In [1]:
import gzip
import json
from tqdm.auto import tqdm
import pandas as pd

In [2]:
with gzip.open('goodreads_books.json.gz', 'r') as f:
    line = f.readline()

In [3]:
# Helper functuion to get the needed fields from the goodreads_books_json
def parse_fields(line):
    data = json.loads(line)
    return {
        'book_id': data['book_id'],
        'title': data['title_without_series'],
        'ratings': data['ratings_count'],
        'url': data['url'],
        'cover_image': data['image_url']
    }

In [4]:
# Creating a list of books which have been rated more than 15 times
book_titles = []
with gzip.open('goodreads_books.json.gz', 'r') as f:
    while True:
        line = f.readline()
        if not line:
            break
        fields = parse_fields(line)
        try:
            ratings = int(fields['ratings'])
        except ValueError:
            continue
        if ratings > 15:
            book_titles.append(fields)

In [5]:
# Preprocessing by turning ratings to numerical format and creating 'mod_title' column:
# 1) removing non alpha-numeric characters from the original title column
# 2) making it lowercase
# 3) replacing any sunsequent spaces with single space
# 4) removing any row which modified title is empty by any case
# And saving the formatted table as a json file

titles = pd.DataFrame.from_dict(book_titles)
titles['ratings'] = pd.to_numeric(titles['ratings'])
titles['mod_title'] = titles['title'].str.replace('[^a-zA-Z0-9 ]', '', regex=True).str.lower()
titles['mod_title'] = titles['mod_title'].str.replace('\s+', ' ', regex=True)
titles = titles[titles['mod_title'].str.len() > 0]

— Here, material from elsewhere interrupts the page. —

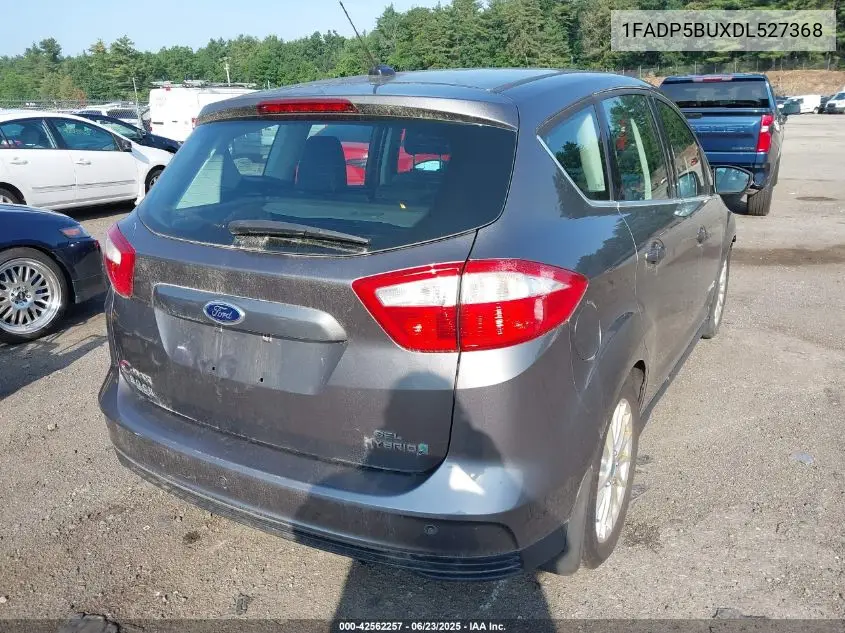 2013 Ford C-Max Hybrid Sel VIN: 1FADP5BUXDL527368 Lot: 42562257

titles.to_json('books_titles.json')

In [6]:
from sklearn.feature_extraction.text import TfidfVectorizer
vectorizer = TfidfVectorizer()

tfidf = vectorizer.fit_transform(titles['mod_title'])

In [7]:
# creating the main search function, with 2 extra functions for nicier visuals

from sklearn.metrics.pairwise import cosine_similarity
import numpy as np
import re

def make_clickable(val):
    """Helper function to make a url clickable in dataframes"""
    return '<a target="_blank" href="{}">Goodreads</a>'.format(val)

def show_image(val):
    """Helper function to format image column to show actual cover picture"""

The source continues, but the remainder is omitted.